Wilhelm Hein’s Secret Cabinet

Date: 20 May 2006 | Season: Wilhelm Hein

WILHELM HEIN’S SECRET CABINET
Saturday 20 May 2006, at 7pm
London Goethe Institute

Wilhelm Hein’s Secret Cabinet—Films From a Private Collection

This screening of films from Wilhelm Hein’s personal collection includes rarely seen works by some of the major artists of the last century, including Andy Warhol and Dieter Roth.
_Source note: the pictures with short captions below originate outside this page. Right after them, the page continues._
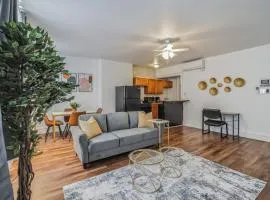 Large Historical 1BR Center City that Sleeps 4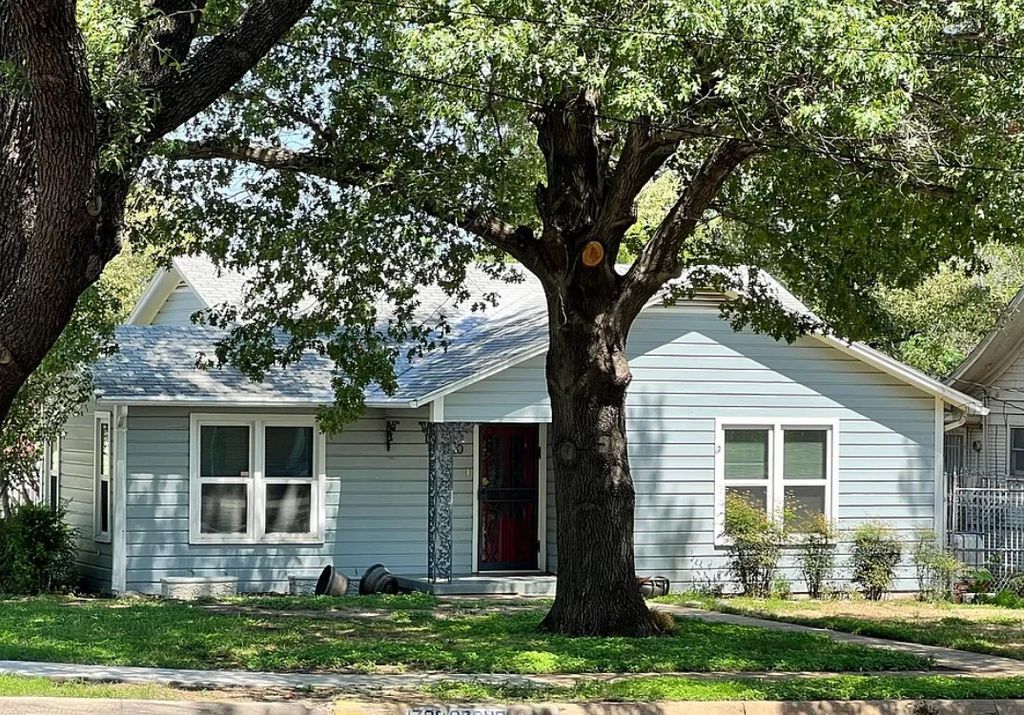 1720 Grand Avenue, Fort Worth, TX 76164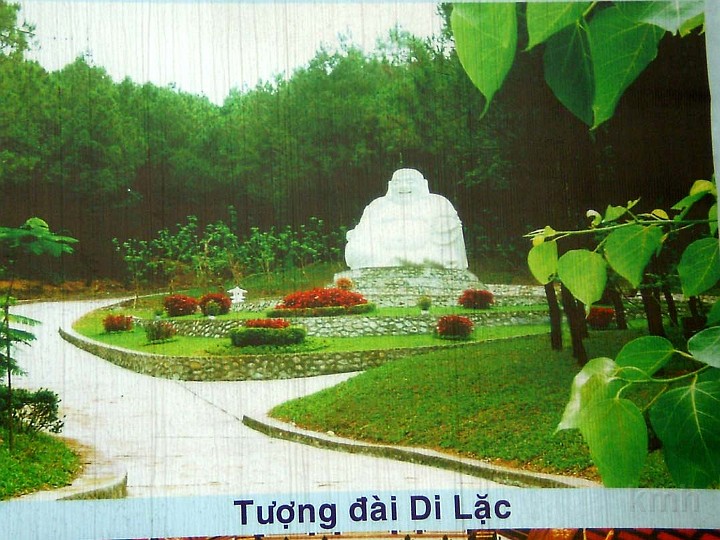 Tuong Phat Di Lac.jpg - OLYMPUS DIGITAL CAMERA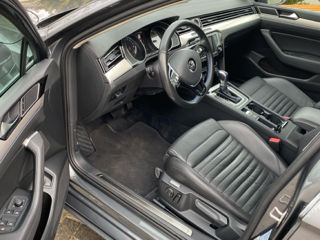 Volkswagen Passat foto 9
The afternoon’s Materialist theme is extended with the process works of Tony Conrad and Peter Weibel, but here it collides with the German punk scene of the 1980s and the controversial performance art of the Viennese Aktionists Brus and Mühl.

KISS (excerpt)
Andy Warhol, USA, 1963, b/w, silent, 12 min
Three kissing couples from the Andy Warhol serial.

MARIO BANANA#1
Andy Warhol, USA, 1964, colour, silent, 4 min
Underground superstar Mario Montez eats a banana … in his own special way.

4 FILME (DOCKS & DOTS)
Dieter Roth, Germany, 1956-62, b/w & colour, silent, 10 min
German artist Dieter Roth made early direct cinema experiments by physically punching holes into the film material.

FINGERPRINT
Peter Weibel, Austria, 1969, b/w, silent, 1 min
“The film was produced by means of pressure rather than exposure – film as the trace of a touch rather than light.”

4-X ATTACK
Tony Conrad, USA, 1973, b/w, silent, 3 min
What remains of raw, unexposed black and white film stock that has been violently battered with a hammer.

CHÉRIE CHÉRIE
Lukas Schmied, Germany, 1993, b/w, sound, 10 min
Boredom, sex and destruction: A film that encapsulates the German punk aesthetic.

UNFINISHED FILM
Kurt Kren, Austria, c.1970, b/w, silent, 3 min
An unknown, unseen, and unfinished work by the legendary Austrian filmmaker.

ZERREISSPROBE
Günther Brus, Austria, 1970, colour, sound, 15 min
This final solo performance by Viennese Aktionist Brus is an extreme test of endurance and suffering.

DAS LEBEN DES SID VICIOUS
Nikolaus Utermöhlen & Max Müller, Germany, 1981, colour, sound, 12 min
Oskar & Angie (aged 3 and 7 years) act out the tragic story of Sid & Nancy, punk’s royal couple, in a film by the art group Die Tödliche Doris.

JOYCE IN PREUSSEN
Annette Frick, Germany, 2004, b/w, sound, 5 min
A film reconstruction of Marie-Guillemine Benoist’s “Portrait of a Negress” (1900).

SCHEISSKERL
Otto Mühl, Austria, 1969, colour, sound, 12 min
Dedicated to Bataille, this rarely seen film is a hilarious, subversive and explicit performance for camera.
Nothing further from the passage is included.